Professor Asma Sayeed at the Roman amphitheater in Bosra, Syria.
Scholars from around the world are drawn to Syria to study Arabic, Islam, and the history of world civilizations. The country has a rich heritage and is home to many archaeologically significant sites from a variety of time periods, making it a particularly awe-inspiring destination.
Asma Sayeed, assistant professor of religious studies, was among those drawn to the country for its wealth of history. From January to June of this year, Sayeed lived and worked in the Syrian city of Damascus, where she conducted extensive research about a community of medieval scholars that had an unusually high rate of participation by female religious scholars.
“Living and conducting research in Syria was incredibly easy and rewarding. Syrians are hospitable and welcoming. Although there are bureaucratic challenges, there were so many people who were eager to help and to facilitate my work that the challenges did not seem too daunting,” Sayeed says.
Her studies in Syria were supported by a Fulbright Fellowship, which allowed her to conduct archival research at the Al-Assad Library in Damascus, where she also visited many of the sites and neighborhoods where women are said to have been active as students and teachers.
Sayeed is the first scholar to conduct a detailed study of these women. Her work in Damascus included researching archival records of their daily activities and educational curricula and the extent of their scholarly influence.

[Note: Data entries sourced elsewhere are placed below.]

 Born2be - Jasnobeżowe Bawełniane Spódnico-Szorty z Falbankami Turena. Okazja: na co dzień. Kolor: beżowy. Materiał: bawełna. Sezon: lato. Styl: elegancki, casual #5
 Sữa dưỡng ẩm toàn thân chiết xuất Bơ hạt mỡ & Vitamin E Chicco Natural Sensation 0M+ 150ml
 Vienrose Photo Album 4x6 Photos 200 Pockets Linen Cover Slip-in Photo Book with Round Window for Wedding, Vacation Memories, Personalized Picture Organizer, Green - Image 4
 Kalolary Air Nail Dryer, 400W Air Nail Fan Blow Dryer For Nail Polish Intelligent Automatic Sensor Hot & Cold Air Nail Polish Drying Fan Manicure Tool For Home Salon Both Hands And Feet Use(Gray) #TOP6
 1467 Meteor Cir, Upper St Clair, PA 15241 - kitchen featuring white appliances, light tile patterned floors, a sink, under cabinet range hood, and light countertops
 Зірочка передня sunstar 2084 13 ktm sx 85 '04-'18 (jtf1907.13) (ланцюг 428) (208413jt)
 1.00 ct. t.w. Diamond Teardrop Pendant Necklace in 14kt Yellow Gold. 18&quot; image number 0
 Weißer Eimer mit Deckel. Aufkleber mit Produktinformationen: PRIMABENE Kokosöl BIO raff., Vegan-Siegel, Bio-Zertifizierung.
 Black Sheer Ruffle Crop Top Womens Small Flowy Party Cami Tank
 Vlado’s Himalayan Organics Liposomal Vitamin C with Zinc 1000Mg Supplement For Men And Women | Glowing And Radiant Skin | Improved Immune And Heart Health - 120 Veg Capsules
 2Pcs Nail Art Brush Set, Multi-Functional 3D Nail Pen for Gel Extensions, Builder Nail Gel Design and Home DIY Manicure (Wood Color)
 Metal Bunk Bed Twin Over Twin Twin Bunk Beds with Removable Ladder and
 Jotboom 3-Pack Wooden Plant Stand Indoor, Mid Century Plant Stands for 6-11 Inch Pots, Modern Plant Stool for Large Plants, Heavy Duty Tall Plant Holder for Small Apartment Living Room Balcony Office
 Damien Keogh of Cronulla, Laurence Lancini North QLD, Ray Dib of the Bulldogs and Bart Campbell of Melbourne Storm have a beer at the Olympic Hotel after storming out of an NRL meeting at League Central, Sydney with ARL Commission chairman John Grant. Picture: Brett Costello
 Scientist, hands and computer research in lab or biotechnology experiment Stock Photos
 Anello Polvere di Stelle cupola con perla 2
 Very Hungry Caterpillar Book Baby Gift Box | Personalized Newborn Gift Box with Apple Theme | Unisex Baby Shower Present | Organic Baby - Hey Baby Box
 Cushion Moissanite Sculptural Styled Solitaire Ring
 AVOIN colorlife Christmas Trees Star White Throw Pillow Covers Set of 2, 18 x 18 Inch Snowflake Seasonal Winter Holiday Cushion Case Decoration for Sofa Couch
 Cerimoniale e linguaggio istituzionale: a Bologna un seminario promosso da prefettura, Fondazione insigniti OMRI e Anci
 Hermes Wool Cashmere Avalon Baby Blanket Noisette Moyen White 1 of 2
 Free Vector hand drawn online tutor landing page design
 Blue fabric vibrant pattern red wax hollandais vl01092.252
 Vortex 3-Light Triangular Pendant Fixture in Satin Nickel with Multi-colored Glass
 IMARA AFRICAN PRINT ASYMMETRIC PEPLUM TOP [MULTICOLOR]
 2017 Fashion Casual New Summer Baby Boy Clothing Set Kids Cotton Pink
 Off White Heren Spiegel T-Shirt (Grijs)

While in Syria, she also enjoyed learning about women’s contemporary efforts to educate themselves in the religious sciences such as Quranic interpretation and Islamic law.
“For many centuries, Damascus has been an international center for Muslim education and one that has attracted many female Muslim scholars. It was wonderful to see how the city continues to maintain its reputation in that regard,” she says.
Sayeed’s interest in Muslim women’s education began in graduate school, where her dissertation examined trends in Muslim women’s participation in the transmission of religious knowledge across the span of approximately seven centuries. While working on her dissertation, she became aware of the medieval scholarly community that supported women’s religious learning.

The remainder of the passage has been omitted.